Short descriptive text snippets:
☆ ☆ ☆ ☆ ☆ ☆ ☆

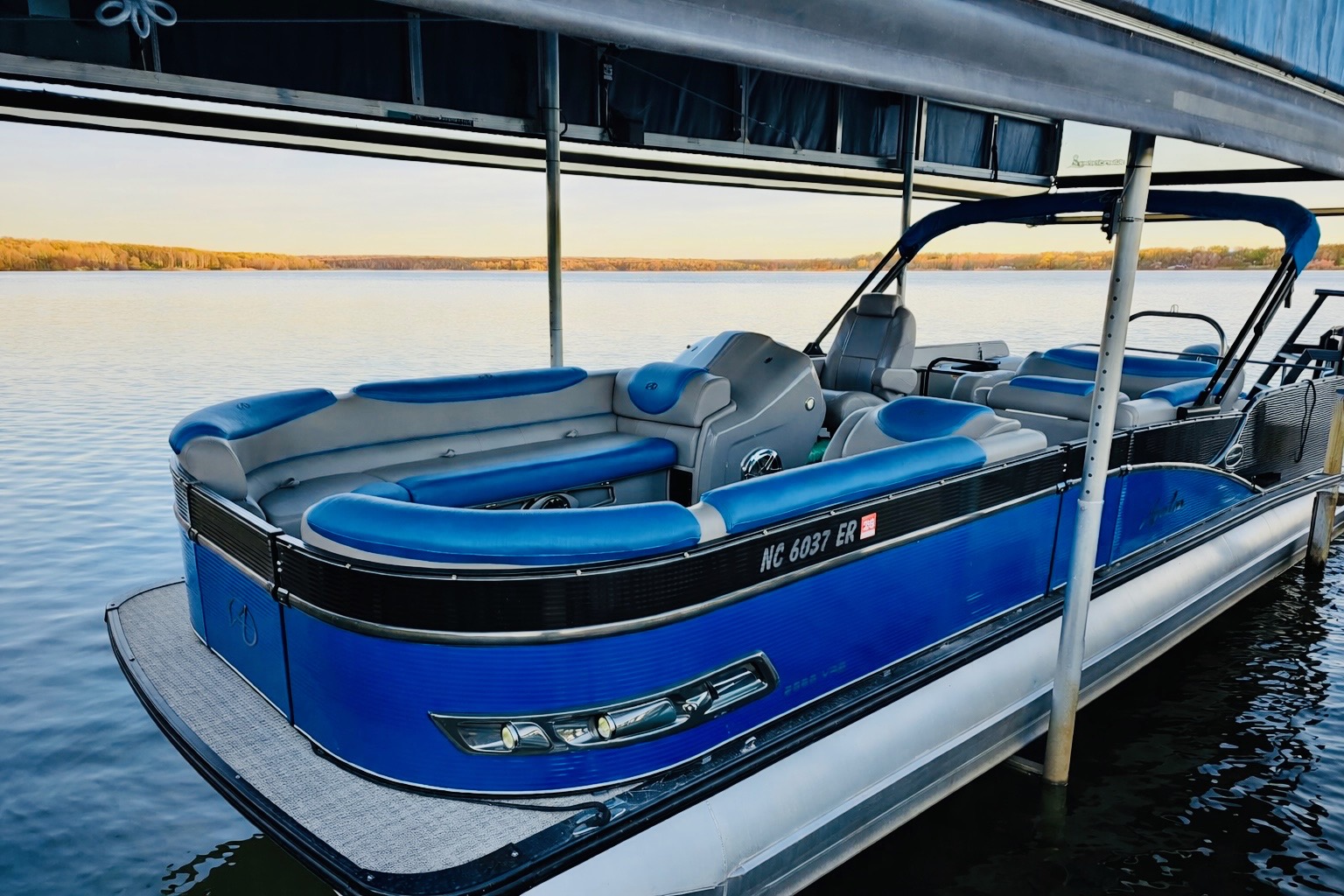 2020 Avalon Pontoons 2585 Catalina Versatile Rear Bench for Sale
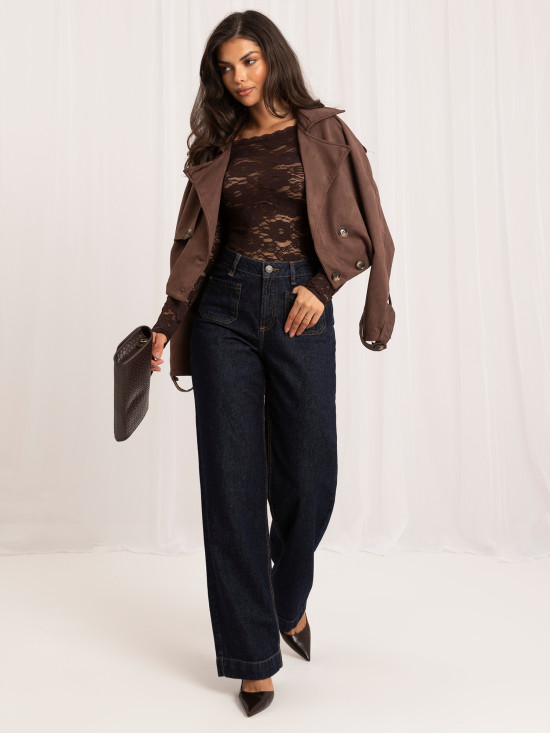 Elegante braune Bluse mit Spitze und U-Boot-Ausschnitt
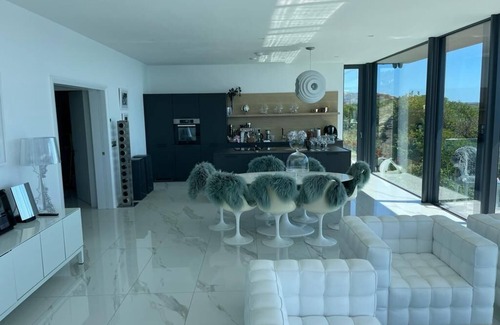 Schull House | Luxury Seaside Property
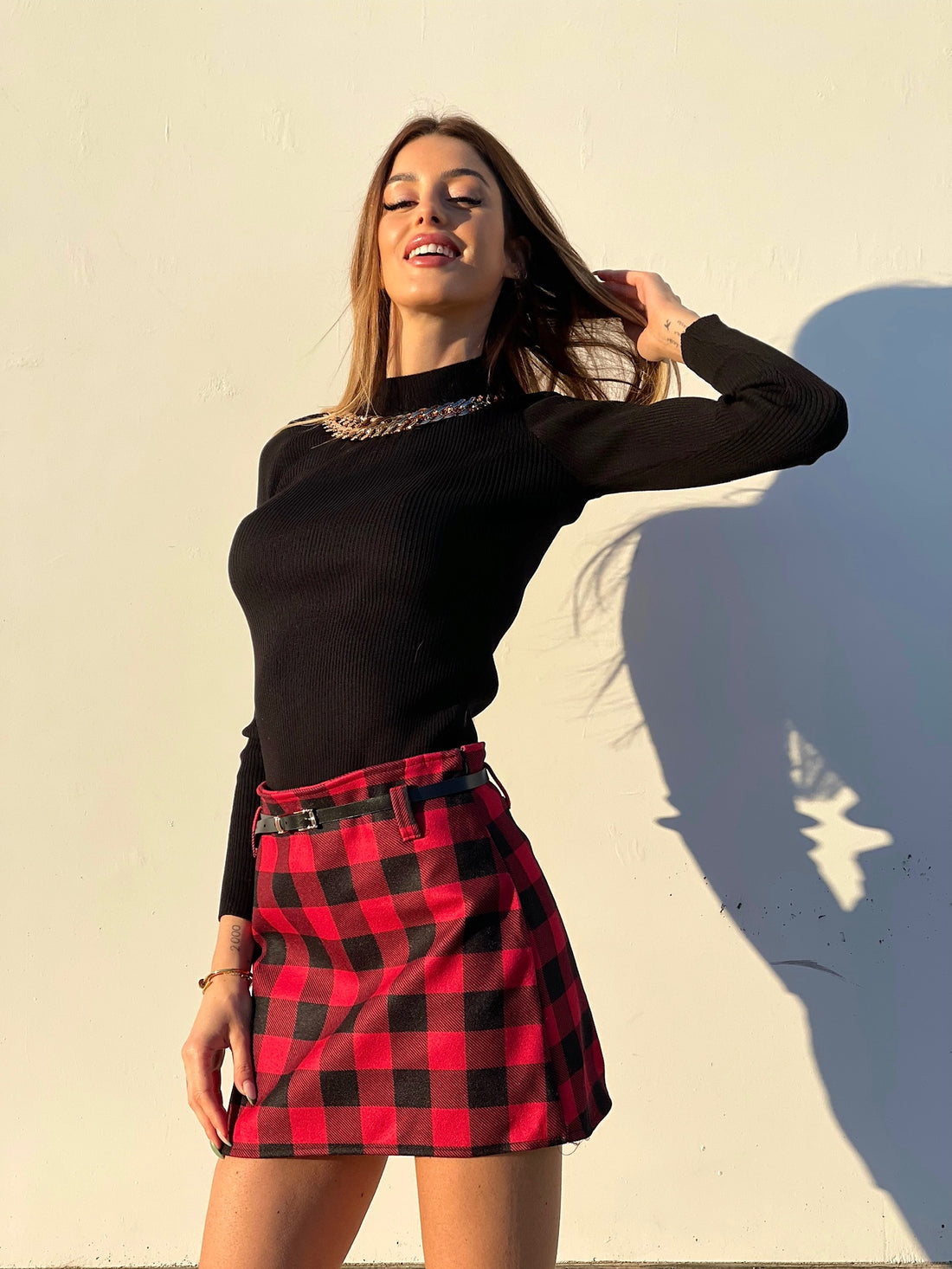 Maglioncino nero con catena oro - R.a. Boutique 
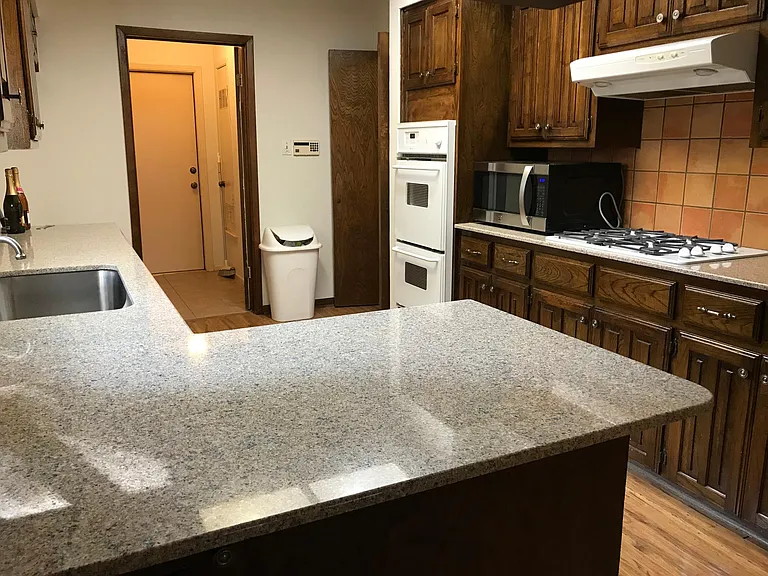 11203 Oak View Dr — Photo 17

☆ ☆ ☆ ☆ ☆ ☆ ☆

*Directions*. Return verbatim every line from the line containing "Schull House | Luxury Seaside Property" to the last line of the entries above, inclusive, and leave out the pictures.

*Your solution*.
 Schull House | Luxury Seaside Property
 Maglioncino nero con catena oro - R.a. Boutique 
 11203 Oak View Dr — Photo 17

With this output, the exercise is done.